- **The input**:

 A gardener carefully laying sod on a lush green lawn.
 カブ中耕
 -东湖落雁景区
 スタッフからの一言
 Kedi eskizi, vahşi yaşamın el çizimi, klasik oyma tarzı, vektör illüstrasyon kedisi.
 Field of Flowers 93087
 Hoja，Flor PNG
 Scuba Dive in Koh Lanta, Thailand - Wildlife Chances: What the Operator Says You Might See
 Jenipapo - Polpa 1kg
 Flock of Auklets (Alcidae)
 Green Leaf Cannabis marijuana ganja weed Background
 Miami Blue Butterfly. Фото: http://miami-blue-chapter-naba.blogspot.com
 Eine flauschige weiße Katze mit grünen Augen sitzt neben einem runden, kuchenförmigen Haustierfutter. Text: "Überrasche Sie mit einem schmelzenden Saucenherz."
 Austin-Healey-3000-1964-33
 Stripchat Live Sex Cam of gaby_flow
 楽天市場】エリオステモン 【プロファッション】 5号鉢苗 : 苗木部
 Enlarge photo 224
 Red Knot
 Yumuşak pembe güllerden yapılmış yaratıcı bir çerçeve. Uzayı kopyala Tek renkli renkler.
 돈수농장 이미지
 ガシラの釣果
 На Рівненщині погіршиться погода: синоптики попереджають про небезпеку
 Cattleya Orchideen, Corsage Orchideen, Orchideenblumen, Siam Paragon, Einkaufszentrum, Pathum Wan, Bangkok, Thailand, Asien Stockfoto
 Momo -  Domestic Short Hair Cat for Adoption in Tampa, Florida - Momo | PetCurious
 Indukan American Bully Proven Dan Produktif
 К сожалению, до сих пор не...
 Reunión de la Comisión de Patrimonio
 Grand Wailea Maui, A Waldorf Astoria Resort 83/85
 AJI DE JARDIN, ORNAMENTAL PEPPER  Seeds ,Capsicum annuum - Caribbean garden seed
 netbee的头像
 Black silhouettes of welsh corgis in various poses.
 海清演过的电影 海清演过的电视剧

- **What the exercise asks**: For this exercise, set down all of the entries again word for word.

- **Answer space**:
 A gardener carefully laying sod on a lush green lawn.
 カブ中耕
 -东湖落雁景区
 スタッフからの一言
 Kedi eskizi, vahşi yaşamın el çizimi, klasik oyma tarzı, vektör illüstrasyon kedisi.
 Field of Flowers 93087
 Hoja，Flor PNG
 Scuba Dive in Koh Lanta, Thailand - Wildlife Chances: What the Operator Says You Might See
 Jenipapo - Polpa 1kg
 Flock of Auklets (Alcidae)
 Green Leaf Cannabis marijuana ganja weed Background
 Miami Blue Butterfly. Фото: http://miami-blue-chapter-naba.blogspot.com
 Eine flauschige weiße Katze mit grünen Augen sitzt neben einem runden, kuchenförmigen Haustierfutter. Text: "Überrasche Sie mit einem schmelzenden Saucenherz."
 Austin-Healey-3000-1964-33
 Stripchat Live Sex Cam of gaby_flow
 楽天市場】エリオステモン 【プロファッション】 5号鉢苗 : 苗木部
 Enlarge photo 224
 Red Knot
 Yumuşak pembe güllerden yapılmış yaratıcı bir çerçeve. Uzayı kopyala Tek renkli renkler.
 돈수농장 이미지
 ガシラの釣果
 На Рівненщині погіршиться погода: синоптики попереджають про небезпеку
 Cattleya Orchideen, Corsage Orchideen, Orchideenblumen, Siam Paragon, Einkaufszentrum, Pathum Wan, Bangkok, Thailand, Asien Stockfoto
 Momo -  Domestic Short Hair Cat for Adoption in Tampa, Florida - Momo | PetCurious
 Indukan American Bully Proven Dan Produktif
 К сожалению, до сих пор не...
 Reunión de la Comisión de Patrimonio
 Grand Wailea Maui, A Waldorf Astoria Resort 83/85
 AJI DE JARDIN, ORNAMENTAL PEPPER  Seeds ,Capsicum annuum - Caribbean garden seed
 netbee的头像
 Black silhouettes of welsh corgis in various poses.
 海清演过的电影 海清演过的电视剧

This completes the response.